10.) Allah niçin önceki kitapların bozulmasına izin vermiştir ?

- Önceki kitaplar bölgesel amaçlı inmiştir. Yani kendisinden sonra gelecek bütün zamanlara ve zamanın insanlarına hitap etme amacı taşımamıştır. Bu zaman içinde şartlar, insanlar ve şeriatlar (kurallar) değişmiştir. Allah o zamanki insanların kitapları bozacağını bildiğinden ya da uygun dönemin gelmemiş olmasından önceki kitapların bozulmasına izin vermiş olabilir. Sonuçta İncil'in Tevrat'ın Zebur'un hala sapasağlam durduğu yerde Kuran indiğinde insanların kuranı tercih etmesi için bir sebep olmazdı. Daha doğrusu Kuran'ın inmesi içinde bir sebep olmazdı. Allah bu durumda kendi gönderdiği dinleri dünya üzerinde yarıştırıyor gibi olurdu. İnsanlar bozmuştur ve Allah son din olarak Gönderdiği İslam'ın kitabını koruyacağını söylemiştir. Demek ki artık bu kitabın bozulması için fırsatta yoktur ve uygun dönem gelmiştir. İnsanlar hazırdır.

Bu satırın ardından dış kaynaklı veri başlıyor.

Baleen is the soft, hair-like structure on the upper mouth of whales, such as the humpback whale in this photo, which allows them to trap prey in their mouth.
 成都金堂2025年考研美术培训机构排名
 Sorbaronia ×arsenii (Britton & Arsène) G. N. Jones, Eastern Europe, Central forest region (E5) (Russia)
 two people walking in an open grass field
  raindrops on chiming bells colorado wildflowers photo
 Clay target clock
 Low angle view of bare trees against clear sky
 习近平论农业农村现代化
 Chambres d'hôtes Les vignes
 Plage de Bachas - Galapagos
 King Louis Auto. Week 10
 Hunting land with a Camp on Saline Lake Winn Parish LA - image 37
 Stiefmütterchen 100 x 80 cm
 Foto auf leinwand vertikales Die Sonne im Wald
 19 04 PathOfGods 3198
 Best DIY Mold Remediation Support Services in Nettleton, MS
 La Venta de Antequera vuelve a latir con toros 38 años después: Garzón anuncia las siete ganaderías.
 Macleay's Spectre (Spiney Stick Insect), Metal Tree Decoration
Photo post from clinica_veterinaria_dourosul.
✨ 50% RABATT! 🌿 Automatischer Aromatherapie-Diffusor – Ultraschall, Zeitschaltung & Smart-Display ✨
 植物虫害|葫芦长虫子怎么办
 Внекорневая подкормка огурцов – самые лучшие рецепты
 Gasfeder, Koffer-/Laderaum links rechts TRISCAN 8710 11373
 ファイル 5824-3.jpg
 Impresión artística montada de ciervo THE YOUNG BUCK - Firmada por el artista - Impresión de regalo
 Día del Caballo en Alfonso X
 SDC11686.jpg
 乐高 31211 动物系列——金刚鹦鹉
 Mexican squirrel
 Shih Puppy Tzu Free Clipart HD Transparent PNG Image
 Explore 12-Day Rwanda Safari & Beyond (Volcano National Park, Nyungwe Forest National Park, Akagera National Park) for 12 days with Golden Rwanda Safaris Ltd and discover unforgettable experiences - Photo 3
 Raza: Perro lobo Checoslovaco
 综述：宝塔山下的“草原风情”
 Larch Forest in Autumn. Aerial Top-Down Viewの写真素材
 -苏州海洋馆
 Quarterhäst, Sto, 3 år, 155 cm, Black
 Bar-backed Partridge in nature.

*bu soruları aldığım yazının başlığı insanı deist yapan sorulardı. Son olarak bununla ilgili şunu demek istiyorum. Bu soruların cevapları sizin için tatmin edici olmamış olabilir. Bazı cevaplar size hiç mantıklı gelmemiş olabilir. Ama burada şu ince çizgiyi çok net görmenizi istiyorum. Bu soruların hepsine verilen cevaplar bilmiyorum olsaydı bile bu sorular yine de insanı deist yapmazdı. Yapmaması gerekir. Bu sorular insanı deist yapacak sorular değil. Tabii ki içindeki bazı sorular çok önemli ve sorulması gereken sorular. Ama verdiğiniz cevaplar bilmiyorum olsa bile bu sizi deist yapmamalı. Çünkü İslam ile deizmi kıyaslarken bakılacak kriterler bu sorular değildir.